IF_HANDOFF vs. IFQ_HANDOFF

Thu Jun 15 16:18:09 UTC 2006

On 15-Jun-2006 Robert Watson wrote:
> On Wed, 14 Jun 2006, John Polstra wrote:
> 
>> Can somebody explain why there is both an IF_HANDOFF macro and an 
>> IFQ_HANDOFF macro?  Except for a slight difference in parameters, they both 
>> seem to do roughly the same thing using completely distinct blocks of code. 
>> Is IF_HANDOFF supposed to be used only when the target queue is not the 
>> interface's if_snd queue?  That seems likely, but a few pieces of code 
>> (e.g., ng_fec.c) use IF_HANDOFF to put a packet into the if_snd queue.
> 
> In essense, yes.  One is used when the default interface queue is used, and 
> the other is used when a specific queue is desired.  However, the names are, 
> in fact, backwards from what you expect, for historical reasons.  You'll 
> notice, also, that the behavior of an interface queue in the presence of altq 
> is quite different than the non-altq case, also for historical reasons, and 
> that the handoff routines are sometimes without used any ifnet at all (e.g., 
> the netisr handoff).  I've looked at cleaning this up a few times, as well as 
> a potential race in the use of the IFF_OACTIVE flag, but have gotten 
> side-tracked in the socket and protocol code for the last 4-6 months.

Yep, the IFF_OACTIVE race was one of the things that made it catch my
eye in the first place.  Luckily (?), most of the FreeBSD drivers use
IFF_OACTIVE completely incorrectly.  (The em and bge drivers certainly
do.)  If they used it properly, the race would matter a lot more.

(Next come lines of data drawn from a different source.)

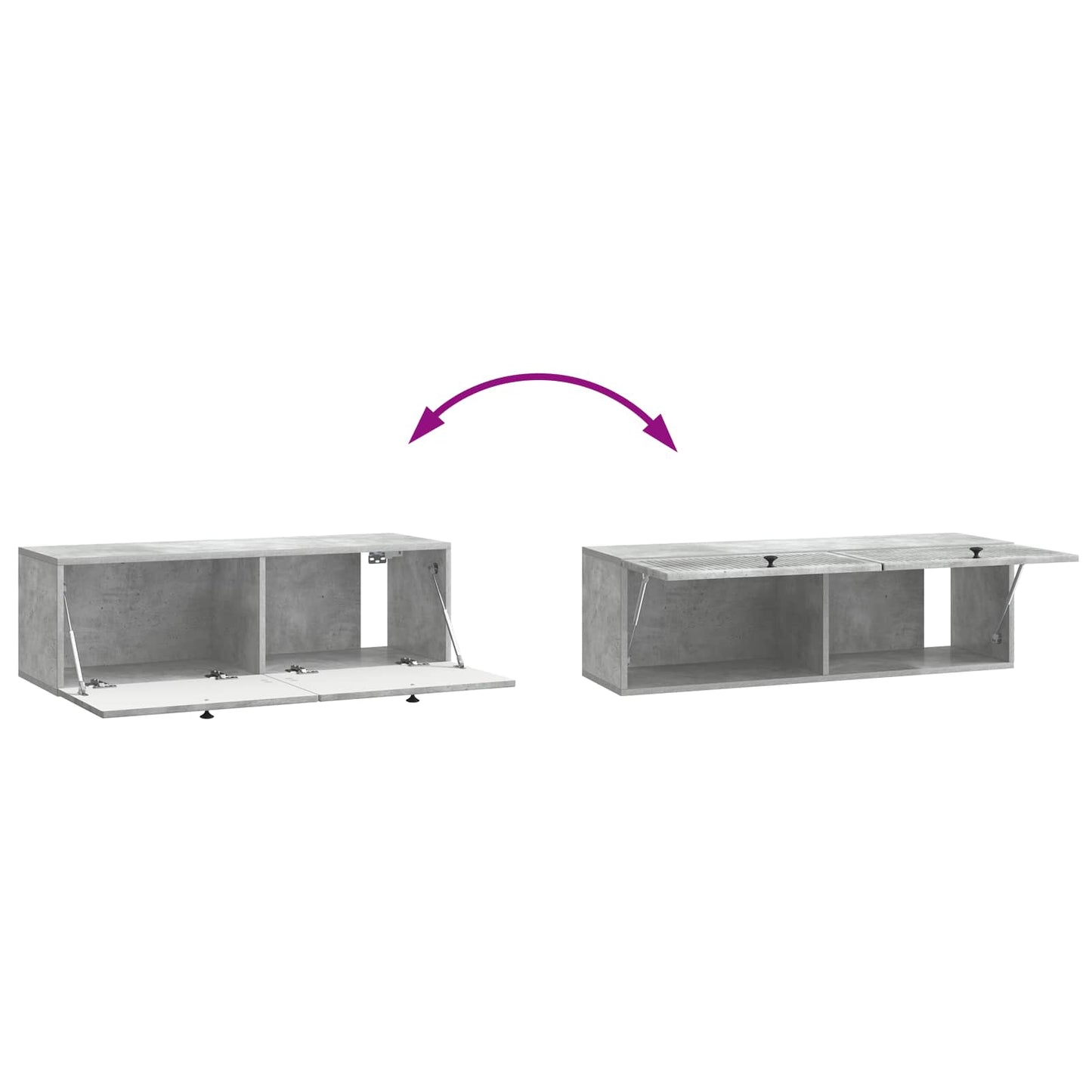 Fali TV szekrény Betonszürke 98 x 31 x 30 cm Szerelt Fa
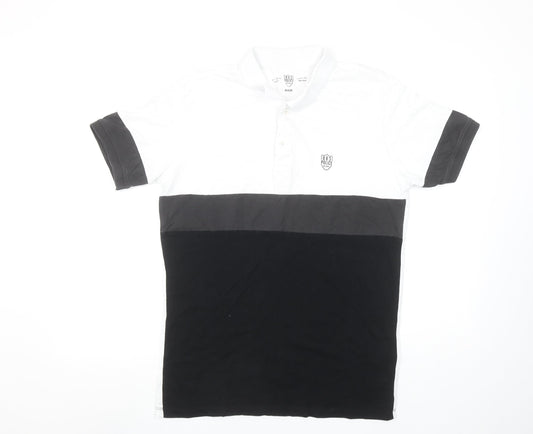 883 Police Milano Men's Black White Colourblock Polo Shirt Size M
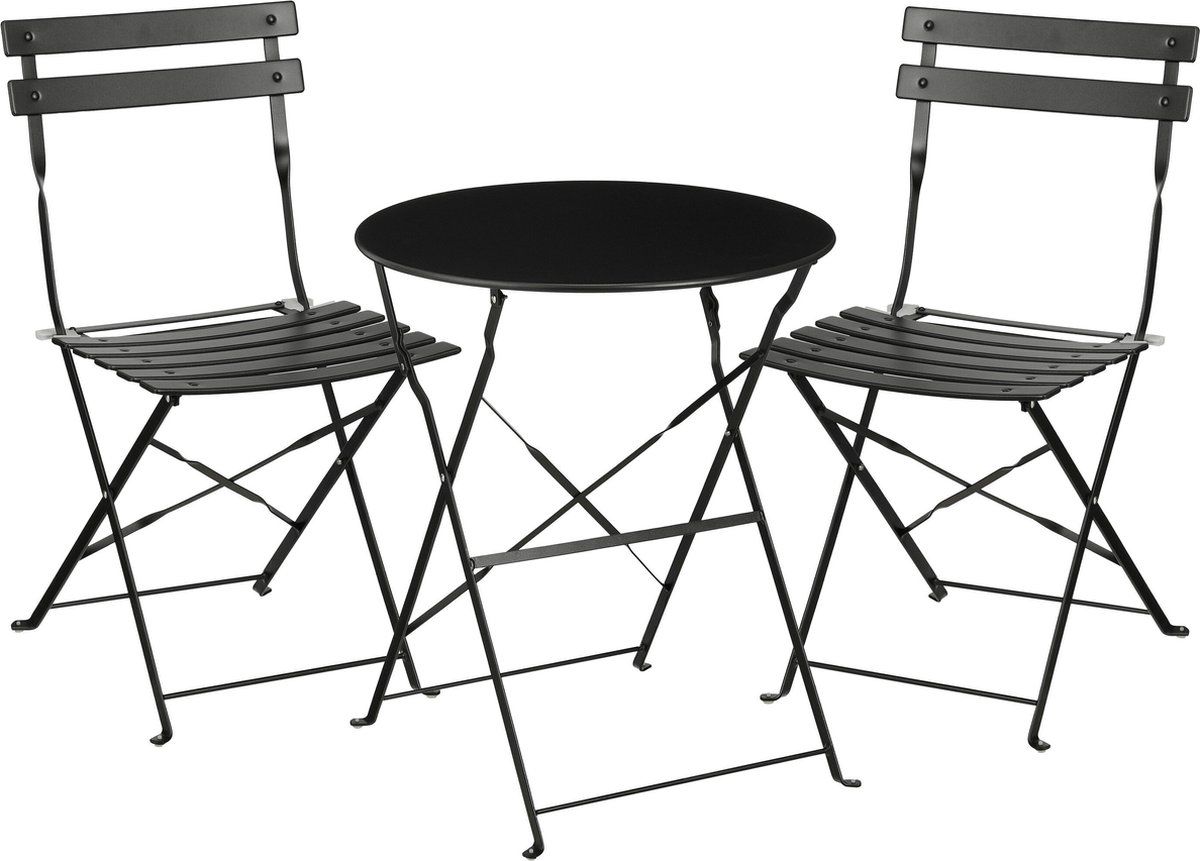 Mica Decorations Laurence Bistroset - Set Van 3 - Inklapbaar - Zwart (3 Stuks)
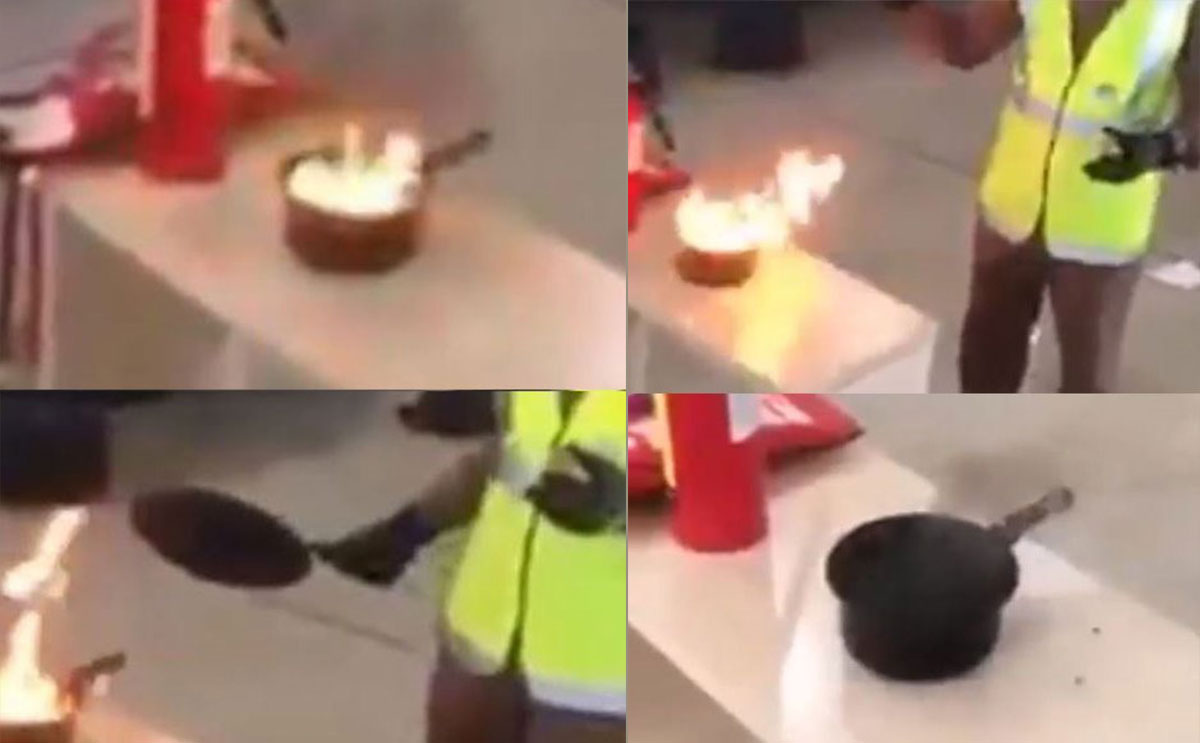 بالفيديو الطريقة الصحيحة لإطفاء الزيت في حال اشتعاله في المطبخ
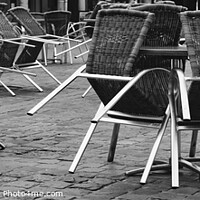 Buy canvas prints of Stacked chairs by Mike Dale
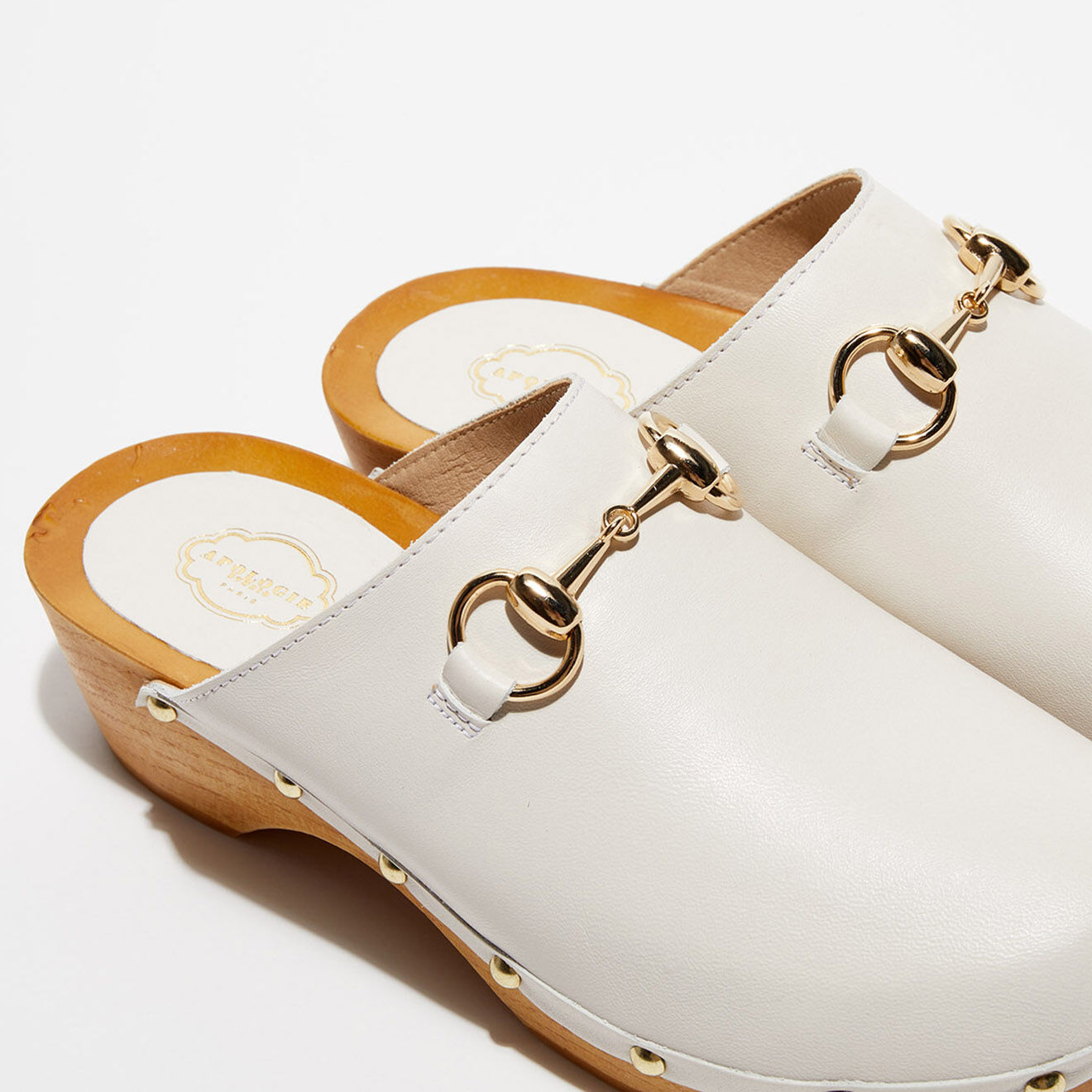 Apologie Studio Sabots en Cuir Nala blanc cassé - Talon 5 cm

> On a number of occasions, we've discussed moving towards an
> if_startmbuf() call, which pushes the selection of queueing logic
> into the network device driver, which is increasingly desirable when
> network interfaces support multiple queues, significant queues in
> hardware, and where we have pseudo-interfaces wrapped around real
> ones and want to avoid multiple enqueue operations (i.e., if_vlan).

Yes!  The if_snd queue is obsolete with modern hardware.  All it does
is slow things down.  The network adapter's transmit descriptor ring
is all the send queue we need.  We obviously can't get rid of the
if_snd queue entirely as long as low-end hardware still exists (i.e.,
until Hell freezes over), but it would be nice if it were possible to
bypass it.

> A related question is whether or not the generice queueing
> primitives should provide implicit locking (as they do now), and
> whether coalescing that locking with existing driver locking makes
> sense.  For example, in the case where oactive isn't currently
> set, we actually perform six lock operations during mbuf handoff:
> lock/unlock the queue for enqueue, enter the device driver, lock
> driver mutex, lock/unlock the queue for dequeue, unlock the device
> driver lock.  In the case where oactive is set (i.e., there's queued
> output), which is frequently the case under load,

Good -- I'm glad somebody else understands how IFF_OACTIVE is supposed
to be used.  Too bad our most important drivers don't use it properly.
The whole point of the IFF_OACTIVE flag is to suppress the call to the
if_start function when it's not needed -- i.e., whenever we can rely
on the driver to come back later on its own initiative and process the
if_snd queue.  In practice, that means the flag should be set whenever
the driver has one or more transmit packets that have been initiated
in the HW but have not yet completed.  When the completion interrupt
comes in, the driver is supposed to check the if_snd queue for more
mbufs and process them.  Only when the transmit side of the HW goes
totally idle should IFF_OACTIVE be cleared again.  Most of our drivers
set the flag only when they run out of transmit descriptors (i.e.,
practically never), which is just plain wrong.

> this becomes significantly more efficient, because having a separate
> queue mutex avoids contention on the driver mutex during send if
> the driver is busy, etc.  Evaluating the benefits of the additional
> granularity there is something that has never been done thoroughly,
> though.
>
> In short, it's a bit of a mess, but it's non-trivial to fix beyond
> some basics because it will require us to figure out where we want
> to go with interface queuing and handoff.  Moving to if_startmbuf
> is relatively easy (I've prototyped it at least once, and have a
> relatively recent version in p4 somewhere), as you can migrate
> drivers gradually.  On the other hand, without a clear message to
> driver writers about how we want them to do queueing in the general
> case, this also comes with risks.

Well, I'm glad somebody has been thinking about it.

John